Jonathan Savard a plaidé pour que la Ville continue d’investir dans les médias régionaux.

Financer les journaux, soutenir la démocratie?

SHERBROOKE — Un autre citoyen, Jonathan Savard, demande à la Ville de Sherbrooke de maintenir ses investissements dans La Tribune malgré sa nouvelle politique de publication des avis publics. Il s’est adressé aux élus pendant la période de questions à l’hôtel de ville. Il est le troisième à intervenir à ce sujet dans les dernières semaines.

« Je me questionne au sujet de l’abandon de la publication des avis publics par la Ville. La Tribune fait un travail de grande qualité. Son travail est aussi essentiel et nous savons tous que les médias traditionnels ne roulent pas sur l’or. Ils vivent un manque criant de ressources. C’est vraiment préoccupant non seulement pour La Tribune, mais aussi pour notre démocratie qui est déjà malmenée par une trop faible participation électorale et un cynisme grandissant. Le débat n’est pas : est-ce qu’on doit soutenir une entreprise privée? Le débat est plus grand : est-ce qu’on doit soutenir notre démocratie? », lance-t-il.

« Sans La Tribune, le taux de participation aux élections municipales serait sans doute plus bas. La participation au conseil aussi. Dans une région comme la nôtre, c’est la principale source d’information, autant papier que numérique pour les citoyens. Je ne serais sans doute pas ici si La Tribune ne m’avait pas sensibilisé aux enjeux municipaux à mon arrivée dans la région. Les avis publics sont assez peu utiles à la population, j’en conviens. Je les ai assez rarement lus. Par contre, est-ce que la Ville s’engage à acheter de la publicité servant à informer les citoyens sur divers sujets d’intérêt public pour le même montant que les avis publics? Est-ce que le montant ne pourrait pas même être augmenté au lieu de donner 110 000 $ pour le Guide citoyen à une firme de Trois-Rivières? Pourquoi pas financer une entreprise sherbrookoise au lieu de produire une compilation d’adresses internet qui malheureusement, pour la plupart des citoyens, ira aux poubelles et qui n’est vraiment pas écologique. »

À noter que le Guide du citoyen a plutôt été imprimé à Sherbrooke.

La présidente du conseil, Nicole Bergeron, n’a pas voulu revenir sur les avis publics. « Pour ce qui est de l’abandon de l’ancienne façon de faire [...] ç’a été abondamment répondu. Je ne reviendrai pas plus sur ce dossier.
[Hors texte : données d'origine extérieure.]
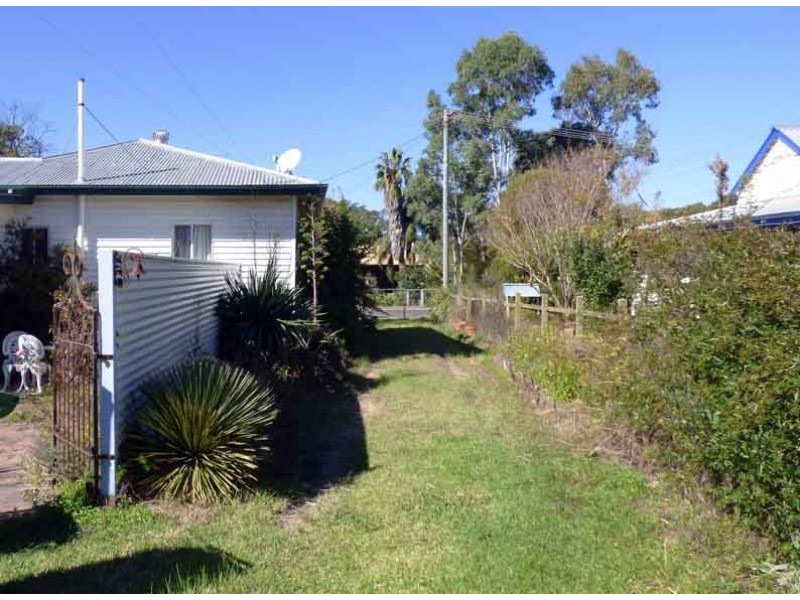 16 John Street, Crows Nest QLD 4355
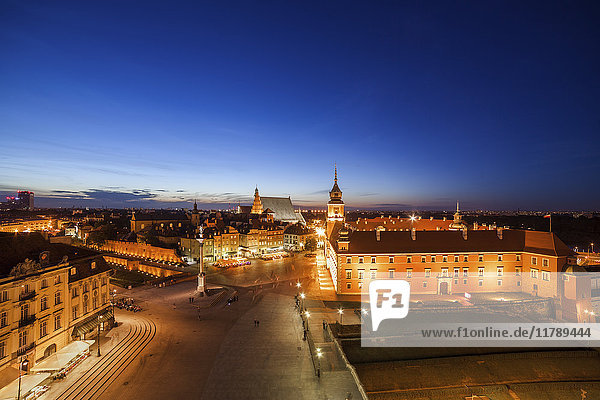Polen  Warschau  Altstadt mit Königsschloss und Platz bei Nacht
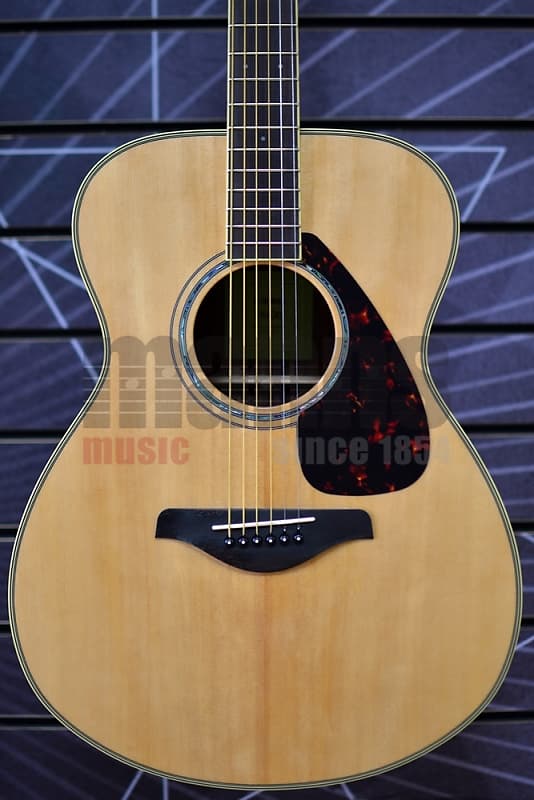 Yamaha FS830 Concert Natural Acoustic Guitar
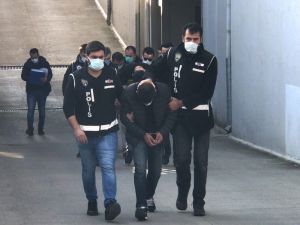Silah Kaçakçılarından "Koleksiyoneriz" Savunması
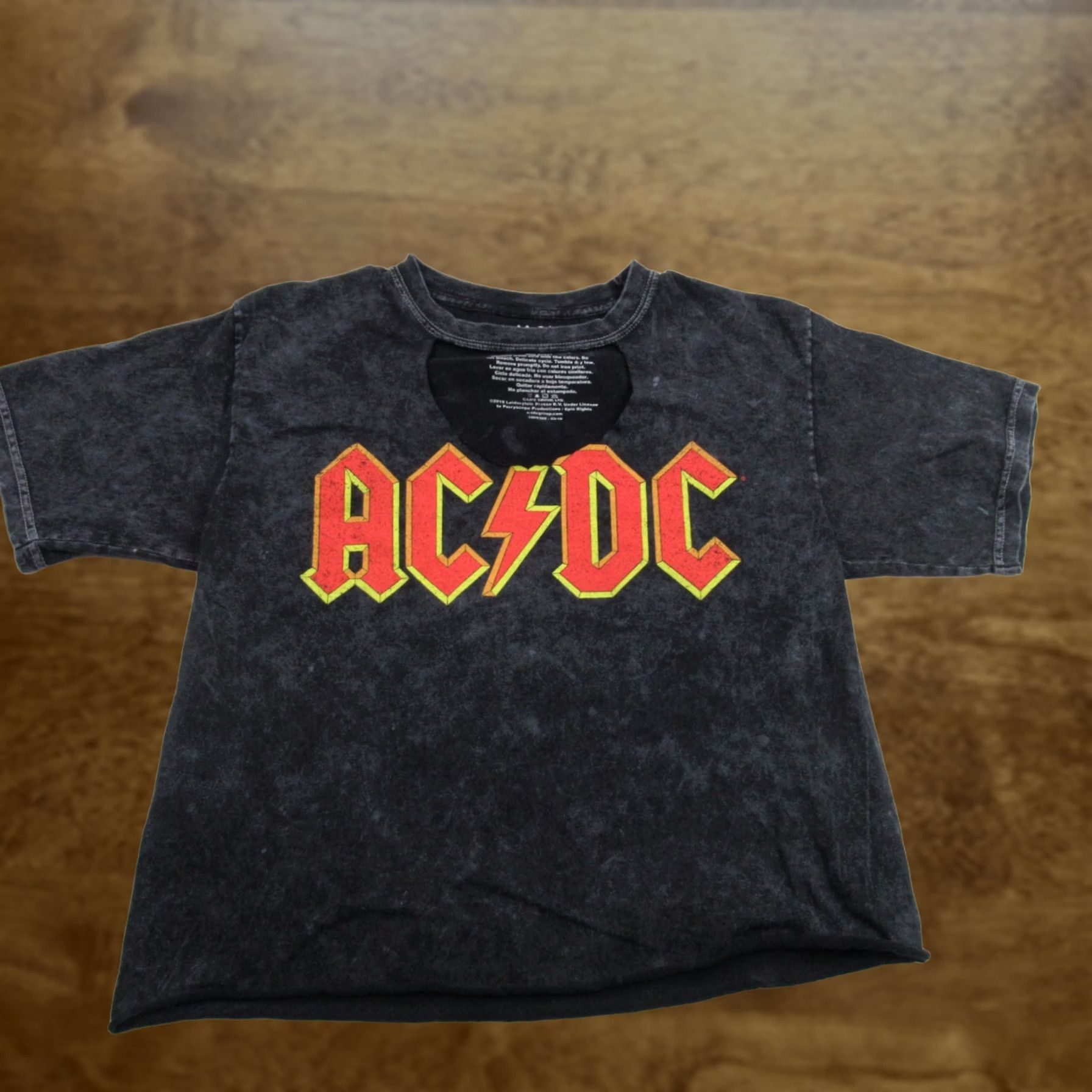 Vintage ACDC Shirt Adult Small Black Lightweight Crew Neck Short Sleeve Womens Size M / US 6-8 / IT 42-44 - 1 Thumbnail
« Le Guide citoyen est un choix qui appartient au conseil municipal. Nous avons décidé d’aller de l’avant parce que l’InfoSherbrookois a été abandonné. Il coûtait 200 000 $ par année. Le Guide sera bon pour l’ensemble du mandat et nous communiquerons avec les citoyens avec un site web revampé que nous rendrons plus convivial. [...] Mais en même temps, il y a un grand nombre de citoyens qui aiment encore avoir un document papier. M. le maire a posé sa question au dernier Café du maire. Il y avait entre autres une personne qui arrive du Saguenay et il a pris connaissance de notre guide. Il trouvait que c’était intéressant comme outil. Il trouvait que c’était encore une façon très intéressante de communiquer avec eux. »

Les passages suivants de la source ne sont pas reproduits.